After about 10 minutes cutting and tooling.  Kids were going to bed and so my banging had to stop.  Oh well.  I had enough to do my test.  I then soaked the piece in the sink for about 30 seconds.  Yup. That's it.  I noticed that as it got wet the definition of the tooling started to pop out.  Oh well.  next time I'll whack a little harder and soak a little longer.

I placed the wet leather onto a styrofoam head I got from Hobby Lobby for $6.  pinned it down along the edges.  This head isnt' exacty my head shape and so this was a concern at first.  I tried my glasses on the head and the width was fine, so I went with it.  I'll have to tweak the nose and brow on the final version though.  I twisted some of the "fringes" as a test to see how well they would hold.  I didn't use a hair dryer as I had seen on some YouTube videos.  First test.  Maybe next time.

Let sit over night and it was dry.  Looked good too.  The pins came out rather easily.  I was afraid that the leather would shrink around them and make them hard to pull, but nope.  Next time I will use pins with a bigger head, but they all pulled out OK.
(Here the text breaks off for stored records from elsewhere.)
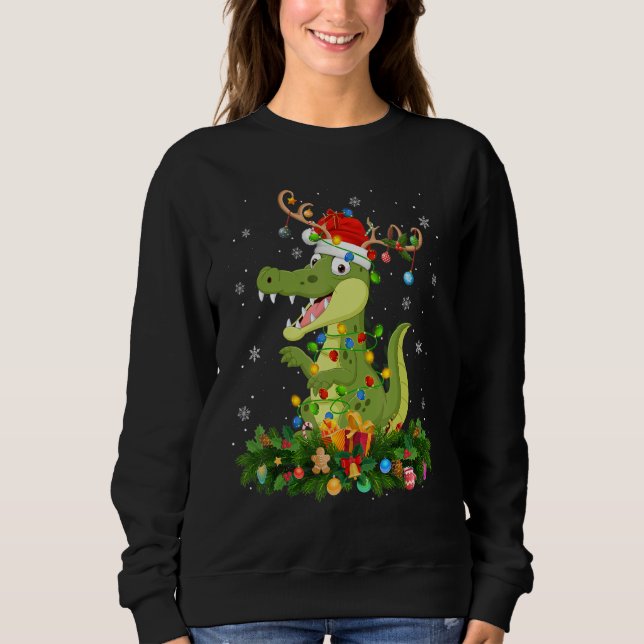 Camiseta Xmas Holiday Reindeer Hat Santa Alligator Christma (Frente)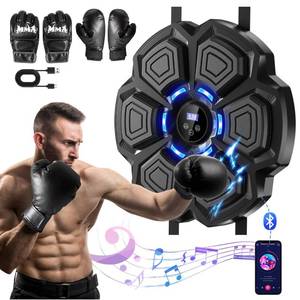 lot 1228 image: 2025 Music Boxing Machine Upgrade - Smart Bluetooth,Two Pairs of Gloves.Multiple Modes.Wall-Mounted for HomeOfficeGym.Ideal for Adults and Kids.Space-Saving,Brings Fun Workouts and Family Fun. - Retail $100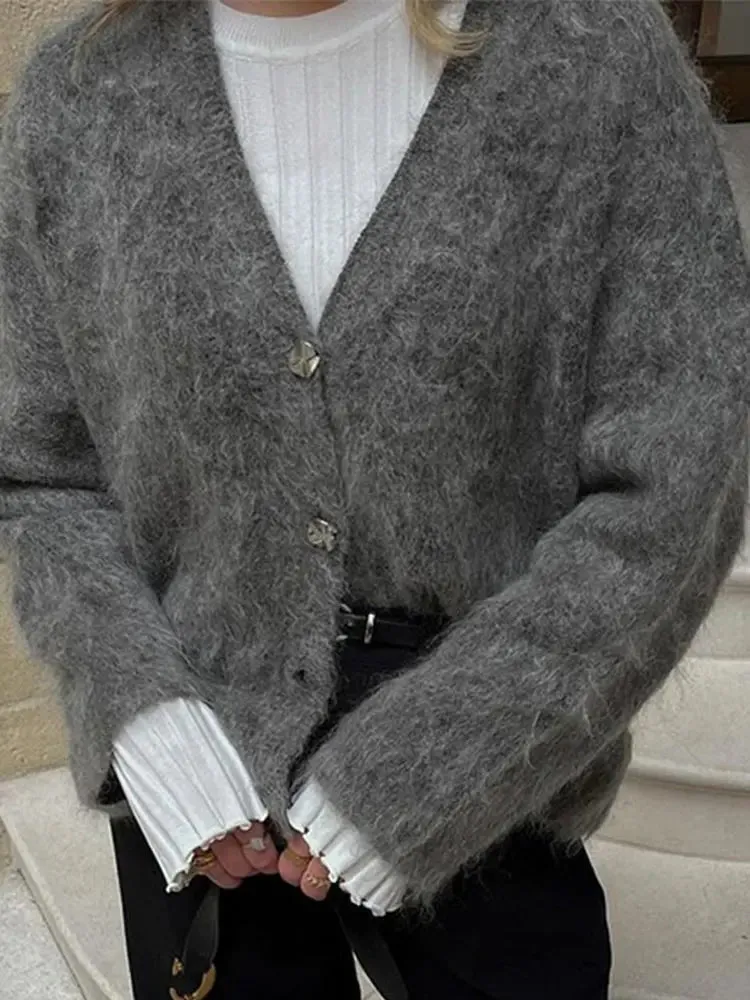 Chic VAN V-neck loose fit gray cardigan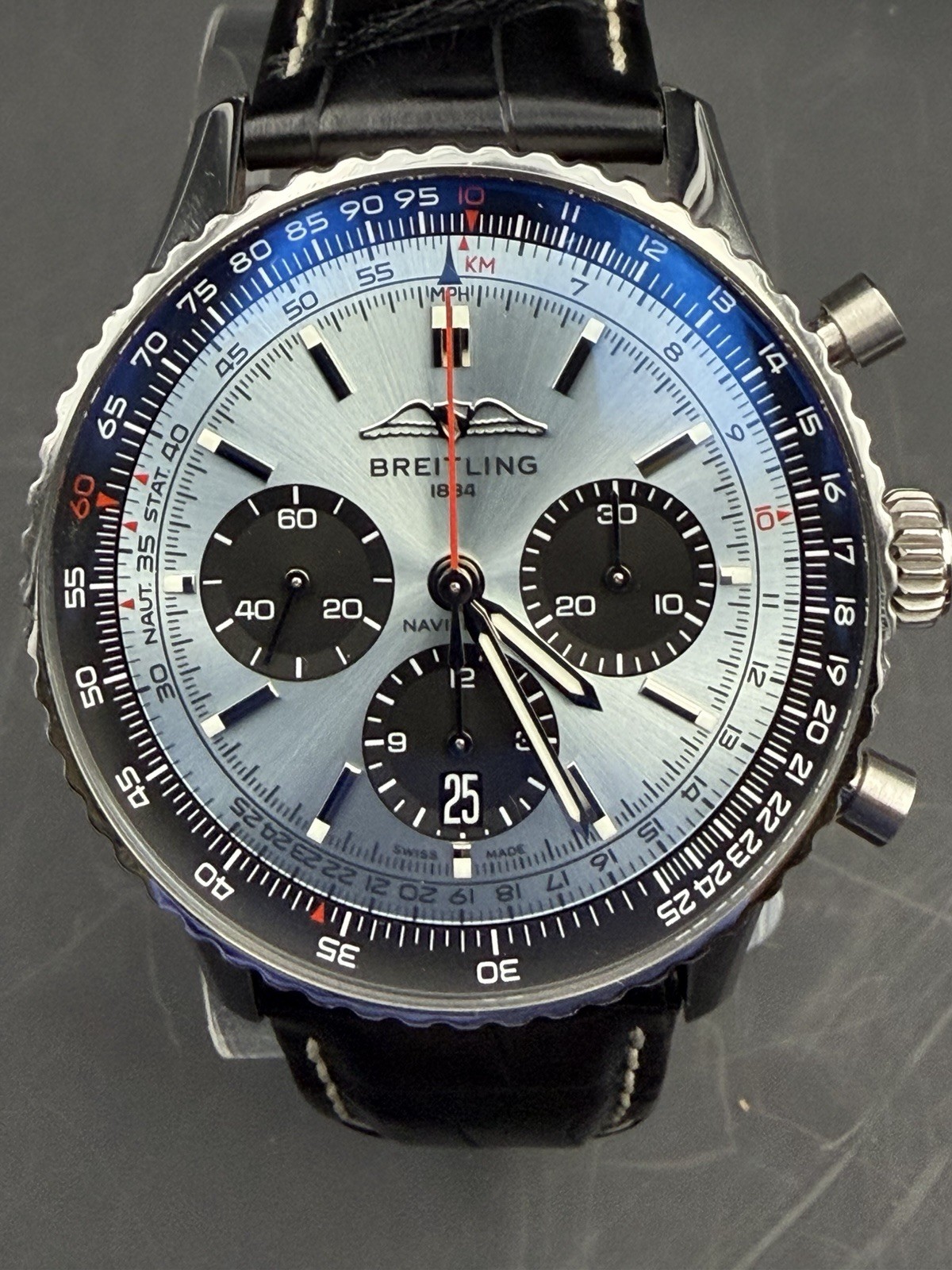 Breitling Navitimer B01 Chronograph 43mm AB0138241C1P1 Ice Blue Dial Warranty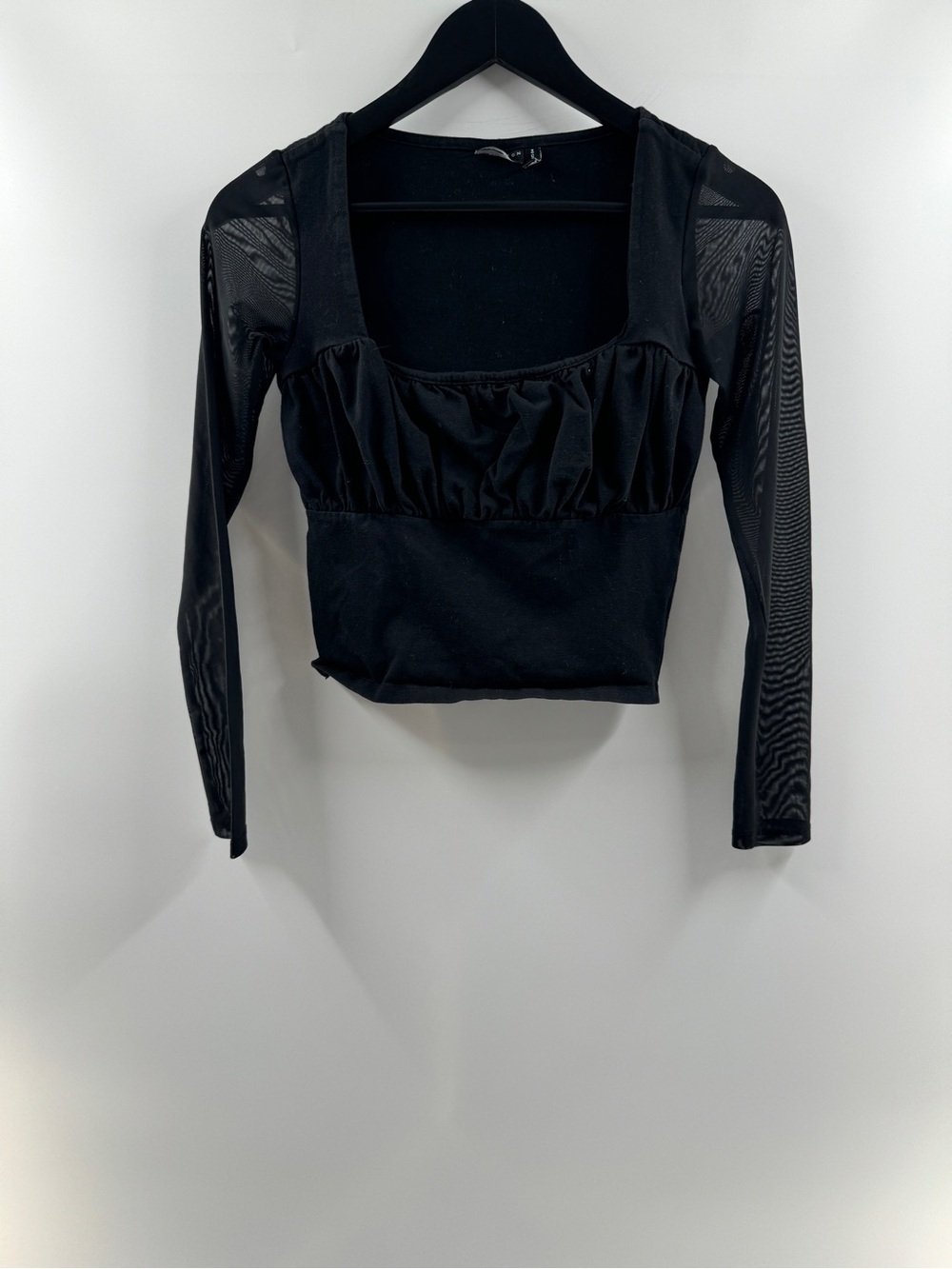 ASOS Design Black Mesh Sleeve Square Neck Top Women's Size 4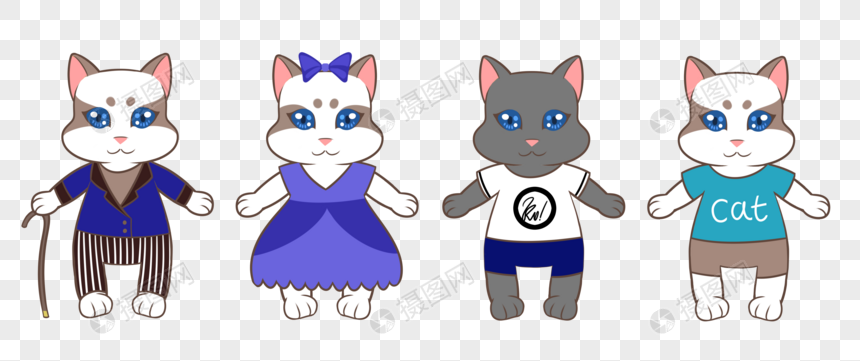 蓝色衣裙西装t恤布偶猫蓝猫套装
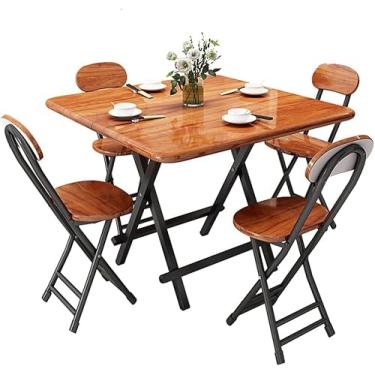 Imagem de Mesa De Jantar Simples Mesa Pequena Para Uso Doméstico Mesa De Jantar Simples Pequena Tenda Portátil Dormitório Mesa Quadrada, Brown, 60 * 60 * 55cm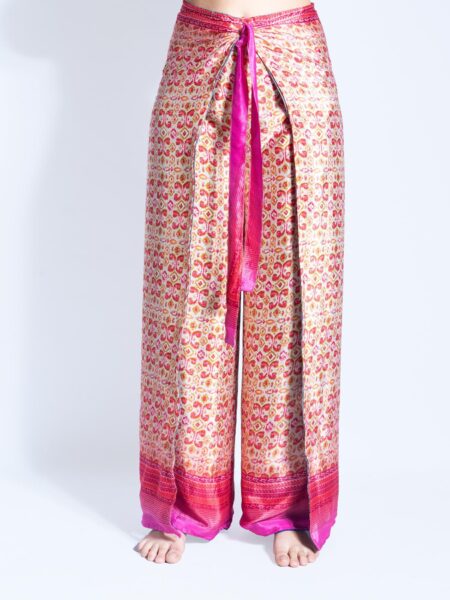 Wrap around Trouser grigio e rosa – Jain (2)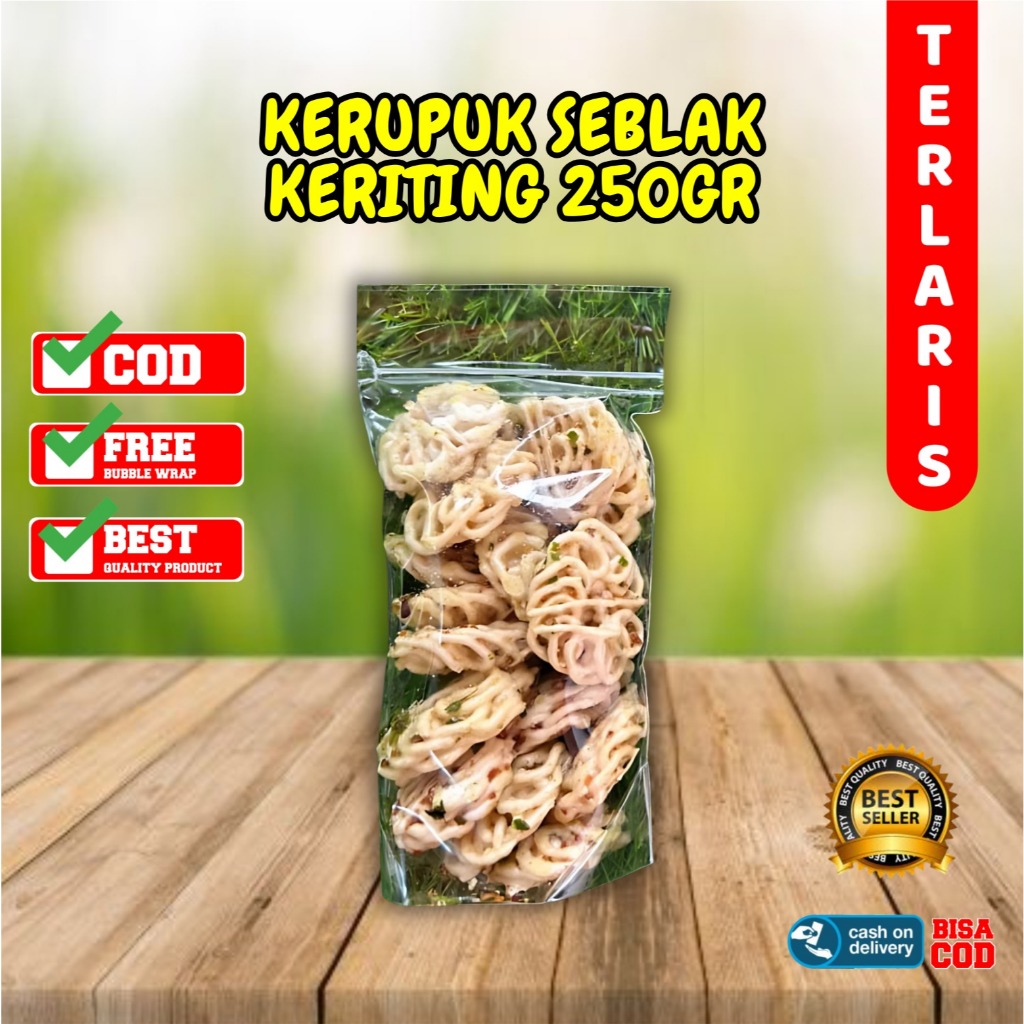 

KERUPUK SEBLAK KERITING KECIL MAWAR PUTIH Rasa Ikan Bawang Enak Gurih Renyah Asli Sidoarjo 250 gr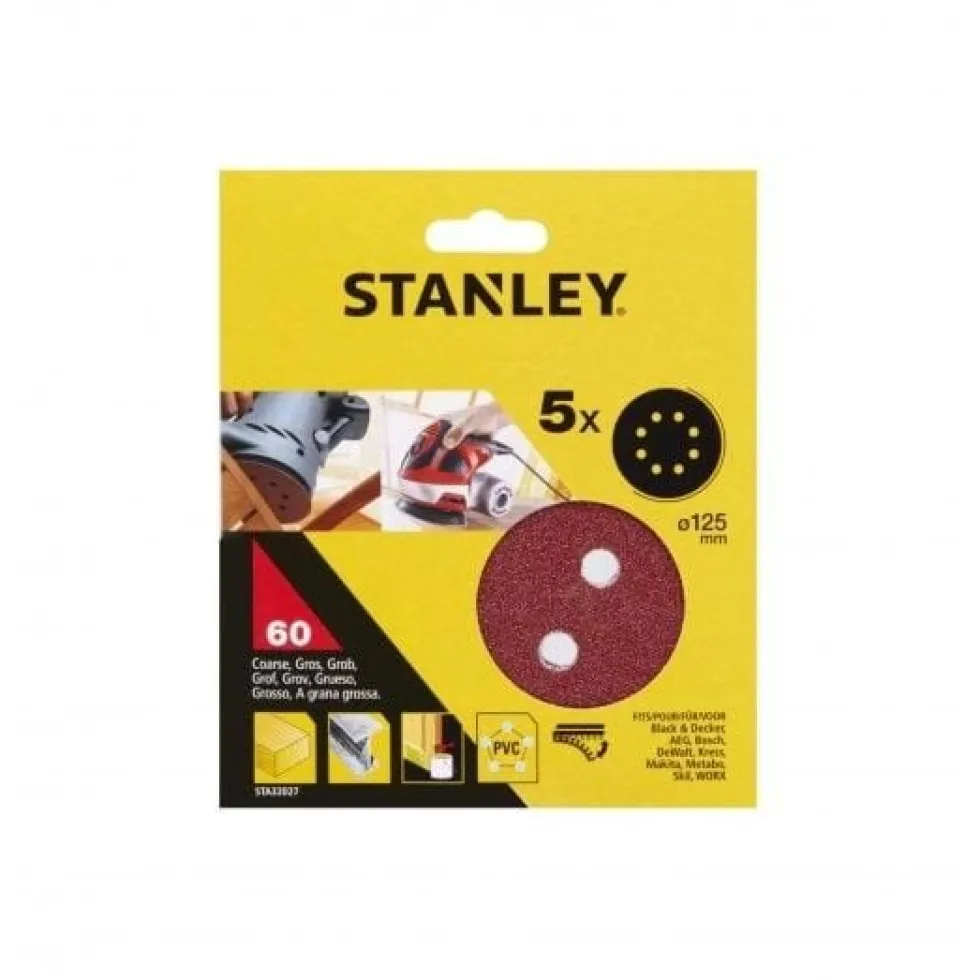 Discos de Lixa 125mm Grão 60 Stanley STA32027-XJ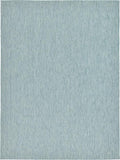 Unique Loom Collection Casual Transitional Solid Heathered Indoor/Outdoor Flatweave Area Rug (9' x 12' Rectangle, Aquamarine/Ivory)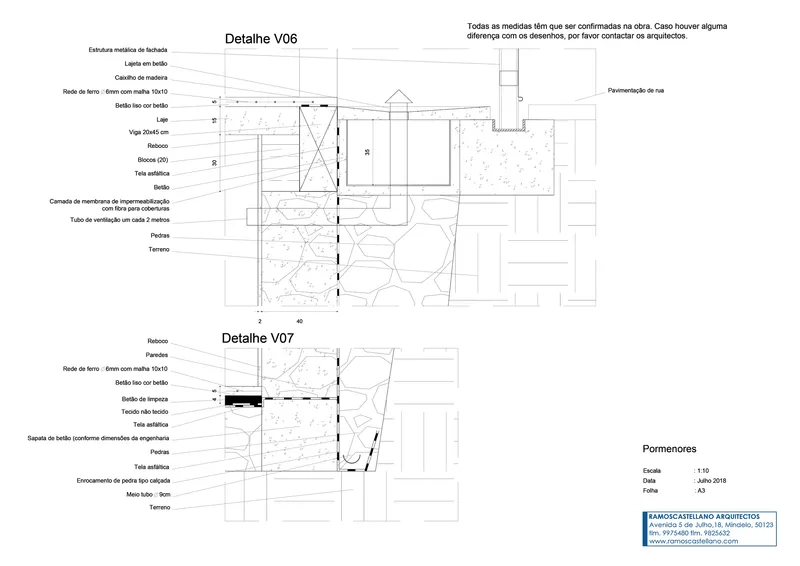 Section and plan detail drawings depicting foundation and wall assembly with waterproofing membrane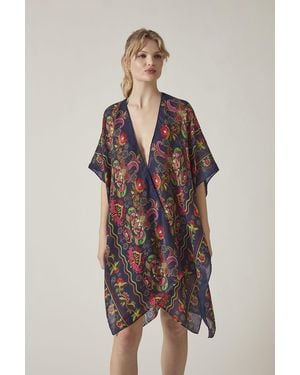James Lakeland Paisley Beach Cover-Up Kaftan - Blue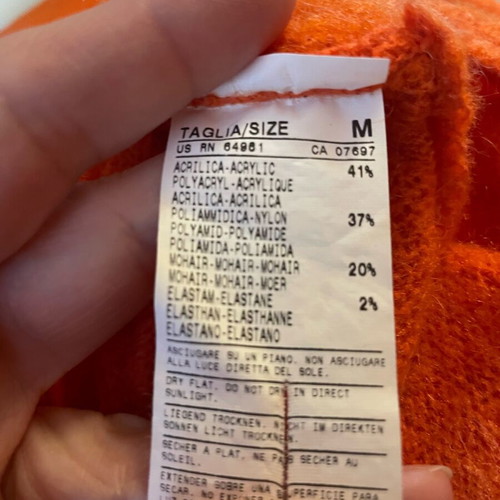 Benetton sweater size M orange like new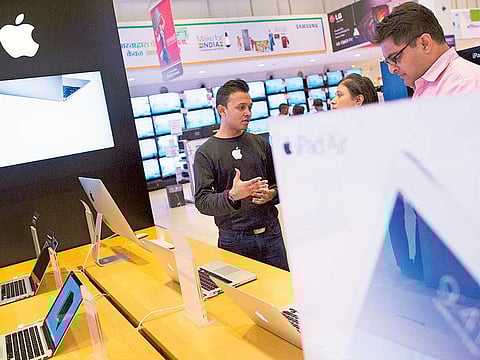 An Apple store in India. An iPhone manufacturing plant run by Taiwanise tech giant Wistron Corporation at Narsapura, near Bengaluru was vandalised on Saturday by employees allegedly over salary dues.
Dried rather hard already too.  I had seen some videos which baked the piece to fully harden it.  I didn't do that at this point.  I have since tried that and it does get a  LOT harder if you do that.  Final version I'll bake it before I begin the painting.

Now again, the paint isn't important.  This isn't the final design.  I wanted to simply try the paint on leather.  I used a period gouache for all of the coloring.  It drys rather dull so I also used another period material, glare.  I made some egg white glare from a dozen very old eggs.  Like stinky rotten old.  I was informed that the age of the eggs doesn't matter when making glare.  Never done it, so that was a fun experiment.

Here you can really see the impact of the glare.  It dries very shiny and will stay that way.  Next time I'll mix it with the paint as I go along instead of simply painting the glare afterwords.  The glare will also make the gouache color fast.  Normally gouache will smear when wet, but when mixed with glare it will hold it's color for hundreds of years.  Just ask a scribe!

Digging the shape, texture and color.  The proof of concept was a success!  I know I have to work on the shape of the model nose because it's just not my nose shape.  Other than that I'm really happy with the way it came out.  Took about 30 minutes playing with the leather and another 30 playing with the paint.  I'll probably add some shell gold and some eyebrows made from peacock feathers, but other than that I'm really looking forward to the final mask being made much as I did this one.